Learning to look critically at race relations is a key part of critical race theory. Examining everyday interactions, and finding the racial component in them, can help move the racial equality cause forward perhaps more than a sometimes simplistic "color blind" approach. Looking carefully at what sociologists call micro-aggressions can help to see the true extent of racism in the United States, and through critical analysis, it is hoped people can begin to work past it.

To better understand the theory, an individual can consider a scenario where two people pass one another while walking down a street and the first person smiles at the second. Let us imagine that the second person either smiles in response as they pass, or stares down at the pavement and shuffles past. In the case where the second participant shuffles by uncomfortably, an observer's first instinct may be to imagine that they are simply unfriendly or have had a bad day. But what if the first participant is a person of color, and second is white? An observer will probably be wary of some form of racist micro-aggression. What if both participants are people of color? What if the first participant is white, and the second is black? In each of these situations, the observer's understanding of the society's race relations may be more nuanced than under a traditional approach.

Although critical race theory began within the legal profession — and legal professor Derrick Bell, easily the most important thinker within the movement — it has since spread to many other disciplines. Educators may find this theory very important to their understanding of classroom dynamics, academic testing, and curriculum bias. People involved in the political sphere may find it useful in understand voting discrepancies, race-based campaigning, and other issues.

One of the more interesting recent developments in critical race theory is a questioning of the normative acceptance of "whiteness." This theory looks at such things as how certain groups — the Irish, for example — began as an "othered" category, before "becoming" white. It looks at how racial pride in being white can manifest in acceptable ways, and how it can manifest as white superiority. Additionally, it may consider what whites can legitimately do to assist the critical examination of race, without abusing their position of power.

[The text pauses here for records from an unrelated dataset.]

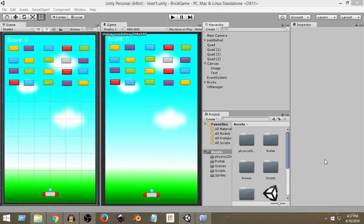We need to display our score on the screen. As you can see, we have our score text here. Whenever the score changes, we need to change this text to make it one, two, three, four, or whatever we want.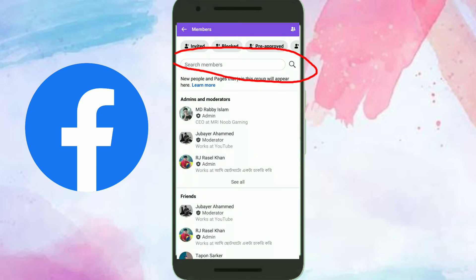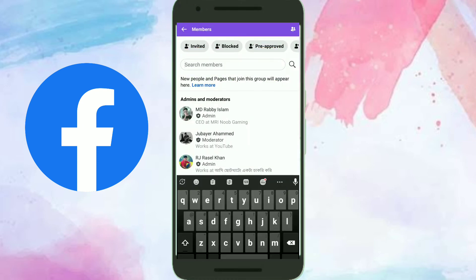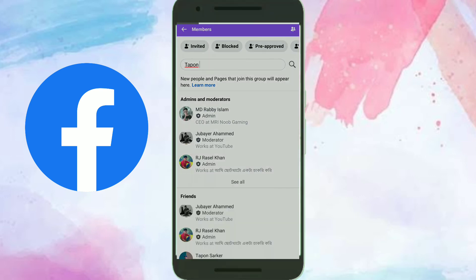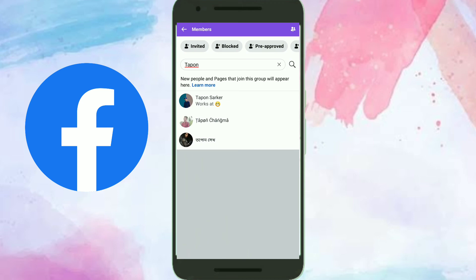From here, search for the person. Select the person from the search results and click on their name.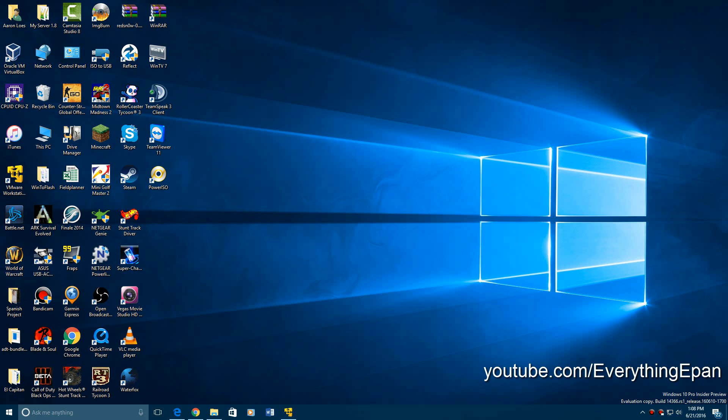Hey YouTube, it's Everything Epan here and today I'm doing a video tutorial on how to install Windows Whistler build 2419 in VirtualBox or VMware. I'm going to use VMware for this tutorial, but this does require another BIOS state type thing.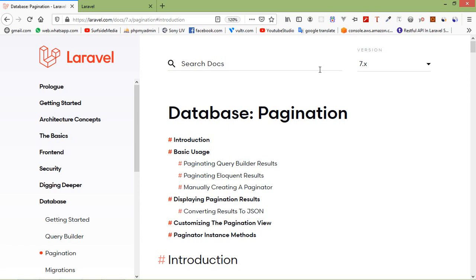Hi everyone, welcome back to the Laravel 7 tutorial. In this video we are going to learn about pagination. When we have a huge amount of records in a table and we want to show these records on a single page, it's not possible to load all records at once — it will take more time to load all records on the page. So in this case we use pagination; it will split our records into pages. So let's see how we can use pagination in Laravel.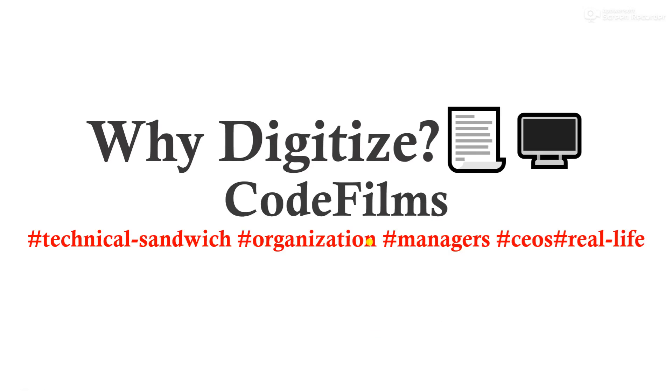Hi guys, welcome to the first CodeFilms for the year. This CodeFilm is a real-life scenario and the question being asked is why should we digitize?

Critical race theory is a constantly evolving field. One of the most well-known experts in this field is Richard Delgado, author of several books including Critical Race Theory: An Introduction with Jean Stefancic. Other thinkers and devoted activists have dedicated themselves to the cause of a better understanding of race and its role in our society. Although the problems faced are truly monumental, fields such as this offer hope to realizing a more equitable world.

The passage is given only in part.